Creating random data in numpy

By Martin McBride, 2019-09-16
Tags: arrays random
Categories: numpy


In this section we will look at how to create numpy arrays initialised with random data.

There are various ways to create an array of random numbers in numpy.

If you read the numpy documentation, you will find that most of the random functions have several variants that do more or less the same thing. They might vary in minor ways - parameter order, whether the value range is inclusive or exclusive etc. The basic set described below should be enough to do everything you need, but if you prefer to use the other variants they will deliver the same results.

random.random

This will create an array of random numbers in the range 0.0 up to but not including 1.0. This means that the range can included anything from 0.0 up to the largest float that is less than 1 (eg something like 0.99999999...), but it will never actually include 1.0. In maths we sometimes write this as [0.0, 1.0). The values are distributed uniformly, so every values is equally likely to occur.

r = np.random.random((3, 2))
print(r)

This creates a 3 by 2 array of random numbers, like this (of course you will get different numbers):

[[0.40704545 0.47734427]
 [0.76764629 0.37887717]
 [0.82443478 0.36409071]]

If you want to create random number over a different range, for example [a, b), you can do it using vectorised operators like this:

r = (b - a)*np.random.random((3, 2)) + a
print(r)

random.randint

The randint function creates an array of integers. In its simplest form it creates values in the range [0, high), that is integers from 0 up to but not including high:

r = np.random.randint(4, size=(3, 4))
print(r)

Notice that the size is passed in as a named parameter, unfortunately it isn't just the first parameter like most numpy functions.

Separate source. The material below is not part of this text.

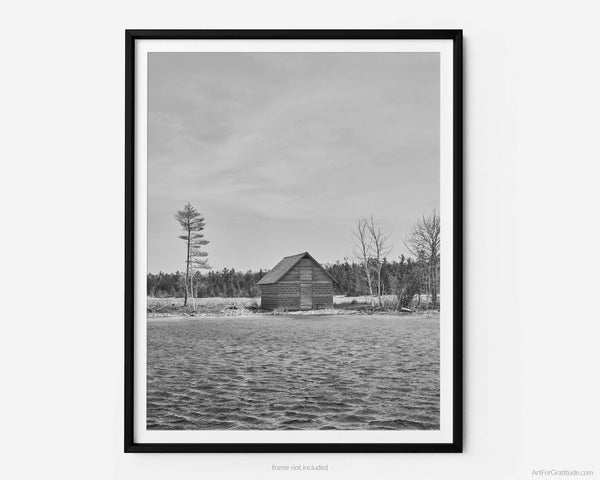 Rustic Jackson Harbor House, Door County Wisconsin Black And White Fine Art Photography Print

This code, with a value of 4, will create value in the range 0 to 3:

[[3 3 0 3]
 [3 1 3 0]
 [2 3 3 1]]

You can also pass in two values, low and high, resulting in numbers in the range [low, high). For example to simulate a dice (output values 1 to 6 inclusive), you would use values 1 and 7:

r = np.random.randint(1, 7, size=10)
print(r)

giving:

[1 3 3 5 4 1 2 1 6 4]

random.choice

choice picks values at random from a list (in this case the list is all prime numbers less than 20):

r = np.random.choice([2, 3, 5, 7, 11, 13, 17, 19], size=10)
print(r)

giving:

[17 19  7  5 11 11  2  7 11  3]

There are other options (for example you can set different probabilities for each item in the list) but we won't cover that here.

random.standard_normal

This function creates values using the standard Normal distribution. The Normal distribution is the classic bell shaped curve, centred on zero.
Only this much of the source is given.